» **Task brief**
Please copy out the full listing that follows exactly; no picture belongs in the copy.

» **Given material**
== Segment start ==
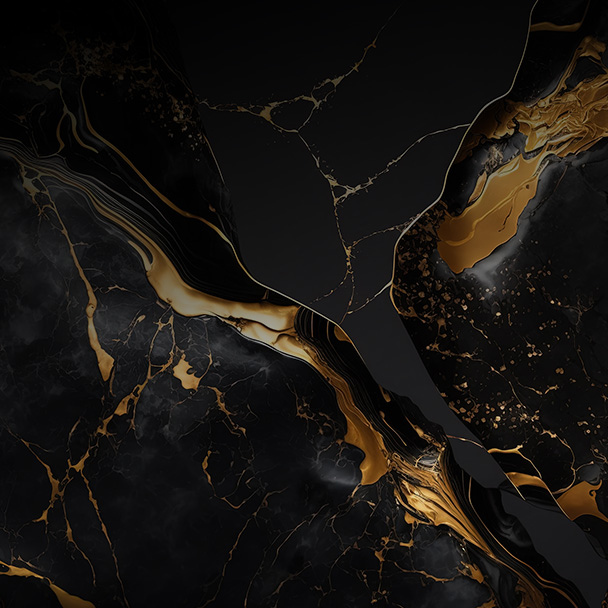 Œuvre d'art abstraite présentant une texture marbrée sombre avec des veines dorées.
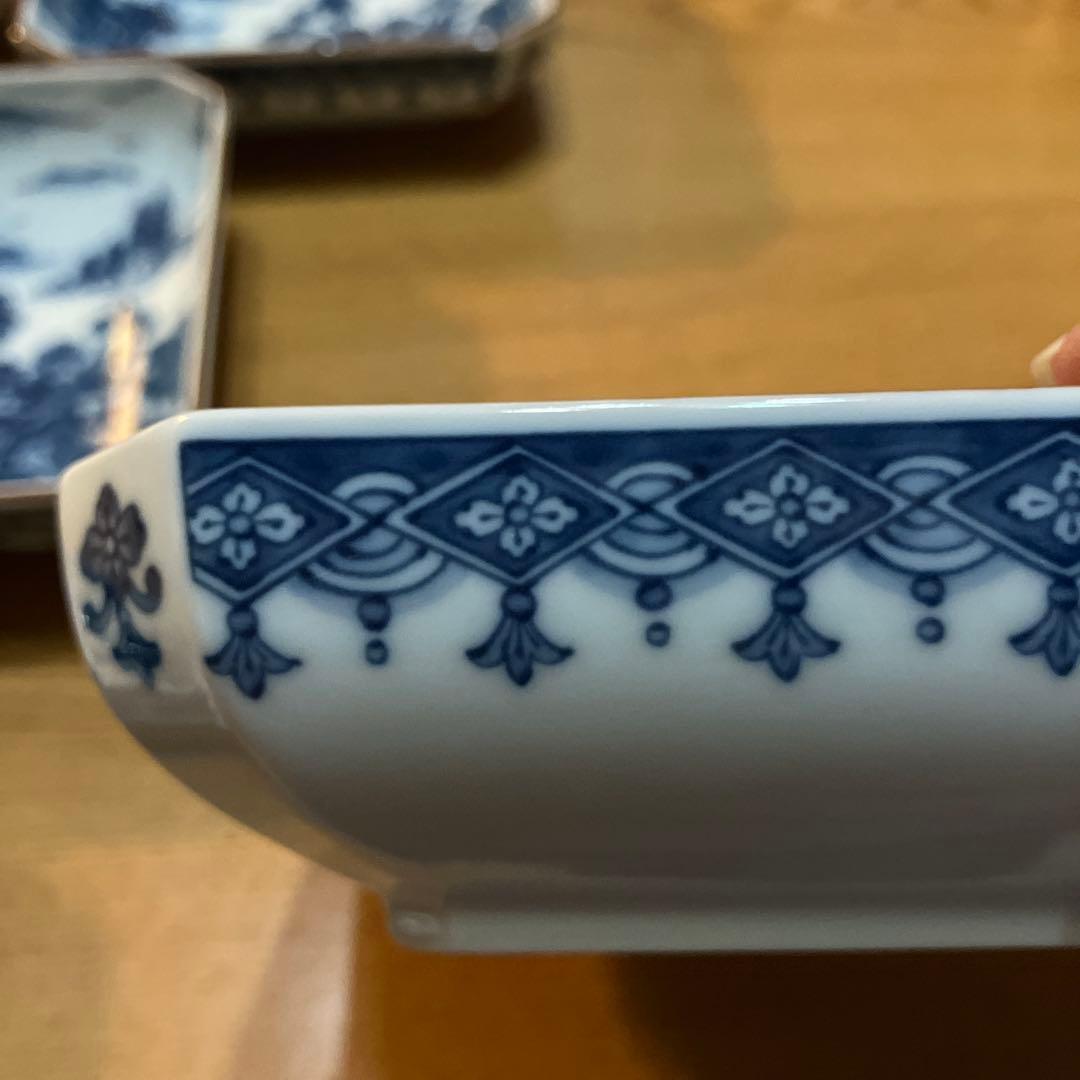 【庫山窯】前畑陶器 染付山水隅切り角皿ほか13点セット 美濃焼　中古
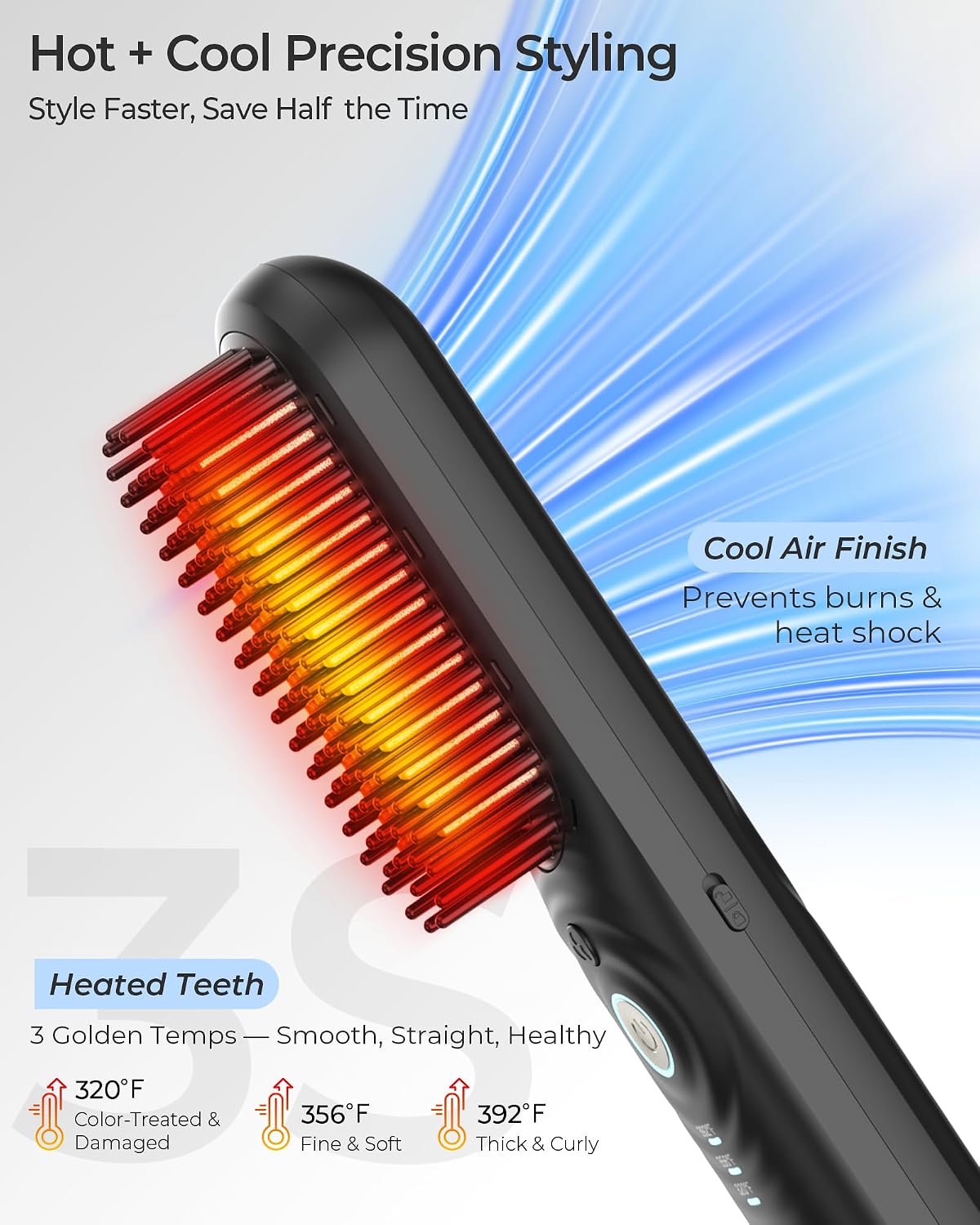 Cordless Hair Straightener Brush for Travel Touch-Up, Model Z6-LF01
== Segment end ==
» **Output of the task**
 Œuvre d'art abstraite présentant une texture marbrée sombre avec des veines dorées.
 【庫山窯】前畑陶器 染付山水隅切り角皿ほか13点セット 美濃焼　中古
 Cordless Hair Straightener Brush for Travel Touch-Up, Model Z6-LF01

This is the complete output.